L.A. Drops in Retail-Real-Estate Investment Index

Los Angeles County commands global attention for its entertainment glitz, health-conscious lifestyles and bustling malls, but its ranking for retail-real-estate investment dropped in the recently released 2019 forecast from influential commercial-real-estate brokerage Marcus & Millichap.

L.A. County dropped eight notches from the 18th most-favorable place to invest in retail real estate, according to the company’s 2019 National Retail Index rankings, which have been released since 1999.

The top two spots were held by the Seattle-Tacoma area and San Francisco out of the 46 metropolitan regions ranked by the annual forecast.

Still, John Chang, a senior vice president of research services for Marcus & Millichap, based in Calabasas, Calif., said that Los Angeles continues to be a good place for retail-real-estate investment. “Los Angeles is performing very well. It has a lot of momentum and strength going for it,” Chang said. “But the pace of growth is slowing down in Los Angeles.”

L.A. has one of the slowest rates of job growth among the largest U.S. metropolitan areas, according to data released in 2018 by the U.S. Bureau of Labor Statistics. Los Angeles’ job growth increased by 1.1 percent during the one-year period between July 2017 and July 2018, according to data compiled by Bloomberg.

A slowdown in job growth in Los Angeles County happened at the same time as an increase in construction and higher vacancy rates for commercial properties. Higher-ranked areas enjoyed greater job growth, which spurred greater demand for retail and services.

The mere location of a region could help boost its ranking. Oakland, Calif.’s ranking increased six places to number 15 in the Marcus & Milli­chap study. Located near to the Silicon Valley hot spots of San Francisco and San Jose, people are looking for relatively cheap rents in Oakland. Property development has slowed in the city, and more businesses are leasing commercial space, so the study deemed Oakland as an increasingly attractive place to invest.

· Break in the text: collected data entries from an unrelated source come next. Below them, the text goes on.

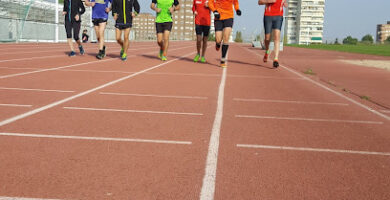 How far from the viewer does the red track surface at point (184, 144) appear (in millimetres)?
2414

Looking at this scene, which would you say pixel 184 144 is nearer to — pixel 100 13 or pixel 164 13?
pixel 164 13

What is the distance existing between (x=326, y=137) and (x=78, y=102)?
9.71 feet

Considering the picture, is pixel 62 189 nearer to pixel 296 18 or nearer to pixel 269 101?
pixel 269 101

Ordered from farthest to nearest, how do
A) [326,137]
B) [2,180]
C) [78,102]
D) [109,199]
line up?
[78,102] → [326,137] → [2,180] → [109,199]

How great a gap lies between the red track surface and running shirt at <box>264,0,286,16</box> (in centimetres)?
471

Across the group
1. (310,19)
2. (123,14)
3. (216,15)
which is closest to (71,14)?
(123,14)

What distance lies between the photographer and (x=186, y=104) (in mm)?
5113

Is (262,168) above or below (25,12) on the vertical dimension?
below

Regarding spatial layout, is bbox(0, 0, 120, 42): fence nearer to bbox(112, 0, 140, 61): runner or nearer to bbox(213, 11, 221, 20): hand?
bbox(112, 0, 140, 61): runner

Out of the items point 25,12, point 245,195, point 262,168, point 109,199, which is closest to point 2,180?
point 109,199

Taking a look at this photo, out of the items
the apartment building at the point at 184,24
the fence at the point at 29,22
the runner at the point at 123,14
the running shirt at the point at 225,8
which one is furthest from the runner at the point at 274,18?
the apartment building at the point at 184,24

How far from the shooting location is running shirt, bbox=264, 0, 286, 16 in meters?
10.5

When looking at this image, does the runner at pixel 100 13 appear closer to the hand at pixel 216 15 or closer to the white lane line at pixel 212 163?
the hand at pixel 216 15

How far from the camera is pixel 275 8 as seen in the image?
417 inches
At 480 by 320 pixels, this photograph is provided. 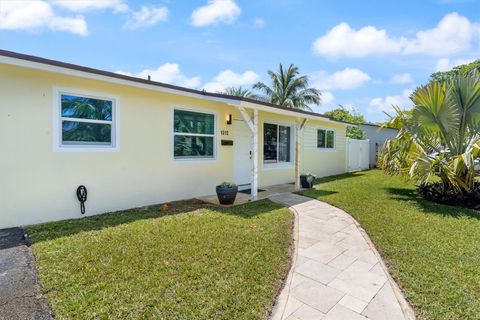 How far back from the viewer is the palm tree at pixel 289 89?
89.0 ft

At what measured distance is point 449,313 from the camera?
8.63 ft

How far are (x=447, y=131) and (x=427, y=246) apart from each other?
14.1 ft

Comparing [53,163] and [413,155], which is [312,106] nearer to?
[413,155]

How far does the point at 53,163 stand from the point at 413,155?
9.15 meters

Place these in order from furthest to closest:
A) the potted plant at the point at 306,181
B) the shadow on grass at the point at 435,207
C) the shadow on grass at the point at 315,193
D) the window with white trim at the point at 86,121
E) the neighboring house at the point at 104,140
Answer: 1. the potted plant at the point at 306,181
2. the shadow on grass at the point at 315,193
3. the shadow on grass at the point at 435,207
4. the window with white trim at the point at 86,121
5. the neighboring house at the point at 104,140

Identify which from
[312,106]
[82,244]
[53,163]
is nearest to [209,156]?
[53,163]

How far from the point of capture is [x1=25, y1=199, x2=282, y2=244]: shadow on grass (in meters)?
4.71

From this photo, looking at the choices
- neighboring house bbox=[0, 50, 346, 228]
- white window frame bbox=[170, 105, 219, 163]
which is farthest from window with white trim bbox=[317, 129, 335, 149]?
white window frame bbox=[170, 105, 219, 163]

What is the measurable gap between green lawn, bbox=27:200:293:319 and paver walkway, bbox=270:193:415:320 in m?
0.21

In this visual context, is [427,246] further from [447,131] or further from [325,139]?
[325,139]

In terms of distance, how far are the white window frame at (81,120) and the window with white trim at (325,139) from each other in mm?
9467

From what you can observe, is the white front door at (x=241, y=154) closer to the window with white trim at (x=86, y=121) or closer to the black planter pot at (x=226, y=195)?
the black planter pot at (x=226, y=195)

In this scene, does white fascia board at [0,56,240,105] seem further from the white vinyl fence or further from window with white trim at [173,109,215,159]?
the white vinyl fence

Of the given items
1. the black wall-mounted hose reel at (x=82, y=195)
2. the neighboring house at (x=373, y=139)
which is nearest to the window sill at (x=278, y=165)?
the black wall-mounted hose reel at (x=82, y=195) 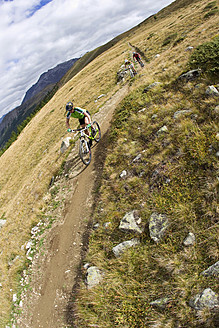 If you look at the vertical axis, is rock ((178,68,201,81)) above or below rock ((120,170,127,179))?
above

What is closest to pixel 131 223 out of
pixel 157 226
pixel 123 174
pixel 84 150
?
pixel 157 226

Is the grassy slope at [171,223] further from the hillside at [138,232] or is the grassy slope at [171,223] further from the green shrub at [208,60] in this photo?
the green shrub at [208,60]

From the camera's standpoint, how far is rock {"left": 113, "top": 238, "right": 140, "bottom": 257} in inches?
222

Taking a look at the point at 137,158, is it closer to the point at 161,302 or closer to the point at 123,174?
the point at 123,174

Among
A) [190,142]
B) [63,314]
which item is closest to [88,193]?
[63,314]

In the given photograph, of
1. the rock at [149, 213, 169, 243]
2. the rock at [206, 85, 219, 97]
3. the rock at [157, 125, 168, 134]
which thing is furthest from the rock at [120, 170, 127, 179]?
the rock at [206, 85, 219, 97]

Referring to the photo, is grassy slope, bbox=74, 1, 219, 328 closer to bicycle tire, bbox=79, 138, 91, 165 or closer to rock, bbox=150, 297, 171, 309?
rock, bbox=150, 297, 171, 309

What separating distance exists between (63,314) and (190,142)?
7.47 meters

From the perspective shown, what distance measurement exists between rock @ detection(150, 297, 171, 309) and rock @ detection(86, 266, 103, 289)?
195 centimetres

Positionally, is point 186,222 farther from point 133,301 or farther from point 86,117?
point 86,117

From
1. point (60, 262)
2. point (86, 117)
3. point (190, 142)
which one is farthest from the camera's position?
point (86, 117)

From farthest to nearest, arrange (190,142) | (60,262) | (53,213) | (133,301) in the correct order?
(53,213) < (60,262) < (190,142) < (133,301)

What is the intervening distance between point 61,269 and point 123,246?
10.9 feet

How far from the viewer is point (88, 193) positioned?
389 inches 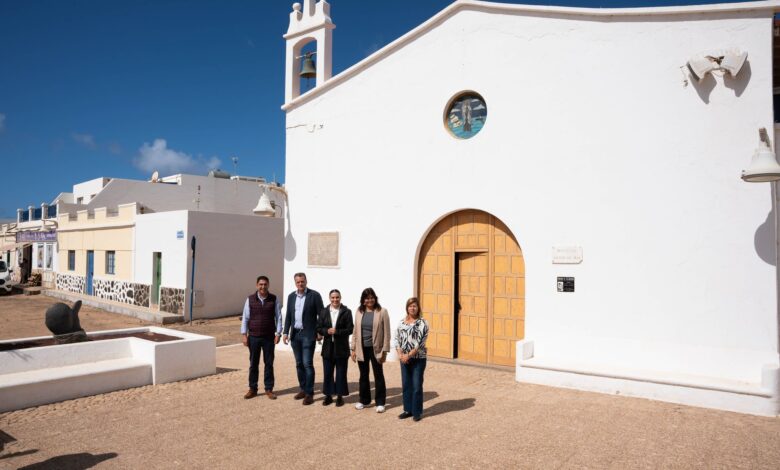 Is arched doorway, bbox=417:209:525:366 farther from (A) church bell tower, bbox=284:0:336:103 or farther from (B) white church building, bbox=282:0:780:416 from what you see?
(A) church bell tower, bbox=284:0:336:103

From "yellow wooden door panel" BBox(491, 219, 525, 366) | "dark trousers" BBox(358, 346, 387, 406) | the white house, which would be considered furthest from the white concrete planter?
"yellow wooden door panel" BBox(491, 219, 525, 366)

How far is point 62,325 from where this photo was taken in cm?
823

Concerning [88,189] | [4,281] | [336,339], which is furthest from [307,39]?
[88,189]

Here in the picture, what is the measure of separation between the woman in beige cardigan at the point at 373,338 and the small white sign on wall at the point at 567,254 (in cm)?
316

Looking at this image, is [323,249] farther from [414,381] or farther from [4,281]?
[4,281]

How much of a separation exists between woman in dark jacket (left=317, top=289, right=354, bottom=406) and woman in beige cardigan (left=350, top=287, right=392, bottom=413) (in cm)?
18

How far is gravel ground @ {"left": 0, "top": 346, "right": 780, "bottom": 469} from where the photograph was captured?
16.5ft

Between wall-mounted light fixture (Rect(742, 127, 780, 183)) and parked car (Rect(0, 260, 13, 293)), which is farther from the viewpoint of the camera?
parked car (Rect(0, 260, 13, 293))

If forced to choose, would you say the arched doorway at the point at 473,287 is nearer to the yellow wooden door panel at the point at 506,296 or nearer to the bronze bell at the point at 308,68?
the yellow wooden door panel at the point at 506,296

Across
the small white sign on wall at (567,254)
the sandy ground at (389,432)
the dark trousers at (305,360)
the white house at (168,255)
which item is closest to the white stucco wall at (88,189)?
the white house at (168,255)

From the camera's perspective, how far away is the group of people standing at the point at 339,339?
6211mm

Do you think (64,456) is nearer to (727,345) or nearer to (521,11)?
(727,345)

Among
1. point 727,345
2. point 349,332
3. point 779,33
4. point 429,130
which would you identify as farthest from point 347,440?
point 779,33

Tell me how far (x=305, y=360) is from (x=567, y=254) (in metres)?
4.27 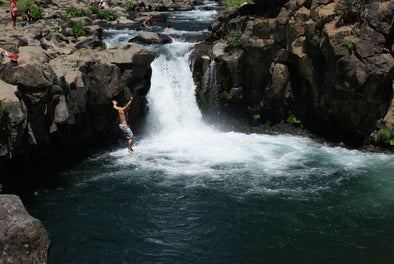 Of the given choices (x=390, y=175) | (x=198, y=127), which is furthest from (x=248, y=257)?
(x=198, y=127)

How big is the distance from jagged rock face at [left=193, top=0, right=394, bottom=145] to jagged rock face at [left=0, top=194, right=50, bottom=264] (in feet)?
38.9

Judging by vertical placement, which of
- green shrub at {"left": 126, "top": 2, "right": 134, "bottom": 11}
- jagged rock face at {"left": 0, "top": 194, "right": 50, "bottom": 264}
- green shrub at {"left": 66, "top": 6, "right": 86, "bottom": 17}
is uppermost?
green shrub at {"left": 126, "top": 2, "right": 134, "bottom": 11}

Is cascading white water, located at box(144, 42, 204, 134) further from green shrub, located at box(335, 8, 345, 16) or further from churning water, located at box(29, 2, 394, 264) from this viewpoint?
green shrub, located at box(335, 8, 345, 16)

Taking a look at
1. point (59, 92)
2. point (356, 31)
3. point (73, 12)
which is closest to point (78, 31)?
point (59, 92)

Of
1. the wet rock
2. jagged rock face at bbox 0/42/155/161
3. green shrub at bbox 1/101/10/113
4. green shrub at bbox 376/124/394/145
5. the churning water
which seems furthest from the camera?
the wet rock

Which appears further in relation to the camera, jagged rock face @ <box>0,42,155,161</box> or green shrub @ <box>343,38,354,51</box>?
green shrub @ <box>343,38,354,51</box>

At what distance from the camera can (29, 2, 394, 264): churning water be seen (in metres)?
9.12

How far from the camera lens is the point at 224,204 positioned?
11266 millimetres

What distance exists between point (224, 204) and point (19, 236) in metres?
5.42

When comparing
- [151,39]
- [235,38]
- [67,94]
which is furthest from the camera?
[151,39]

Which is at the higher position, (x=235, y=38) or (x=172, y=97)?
(x=235, y=38)

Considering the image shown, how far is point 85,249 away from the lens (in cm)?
934

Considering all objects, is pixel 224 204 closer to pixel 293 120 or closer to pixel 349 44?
pixel 349 44

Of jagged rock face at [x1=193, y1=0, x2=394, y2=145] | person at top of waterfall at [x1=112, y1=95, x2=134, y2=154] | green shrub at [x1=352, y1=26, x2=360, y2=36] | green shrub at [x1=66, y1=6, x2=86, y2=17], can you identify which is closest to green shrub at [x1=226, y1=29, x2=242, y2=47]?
jagged rock face at [x1=193, y1=0, x2=394, y2=145]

Chang also talked about Los Angeles County’s changing retail-real-estate scene. Over the past few years, malls that previously devoted most of their space to fashion retailers have been experimenting with their tenant mix. Mall managers are increasingly looking for previously nontraditional tenants such as gyms and medical offices to fill up spaces.

One of the biggest Los Angeles retail-­real-estate stories in 2018 was the transformation of Macerich’s Westside Pavilion mall into office space. About 90 percent of the mall was leased by tech giant Google.

“This is a hallmark event,” Chang said. “You have a shopping mall that was not doing great. It had a transformation and solved a problem for Google.”

Google is one of a number of tech companies creating offices to be closer to where job talent lives. In 2018, Google made Southern California headlines for opening 525,000 square feet of offices in the former Spruce Goose hangar in Los Angeles’ Playa Vista region. Amazon also has made news for seeking cities for a second headquarters. Like Google, it is bringing its offices to where the job talent lives rather than bringing them to company headquarters, Chang said.

It’s not just malls that are being changed to suit the needs of tech giants and retailers. Retailers are taking former light-industrial facilities and transforming them into warehouses and fulfillment centers to serve the last leg of omni-channel retail, said Larry Kosmont, chief executive officer of the real-estate and advisory firm Kosmont Companies.

“The digital generation wants goods immediately. They can see something, order it and receive it quickly,” he said. The move to omni-channel retail needs more fulfillment centers located close to major population centers. This real-estate trend, Kosmont said, is called “re-industrial.”

Chang and Kosmont forecast there will be more changes down the road for malls and retail streets. Chang said that in Los Angeles County, there would be increased growth in boutique shopping, reflecting new trends in consumers’ evolving shopping habits. “There’s a lot more boutique and smaller-footprint retailers. Their styles remain fresh and innovative,” Chang said.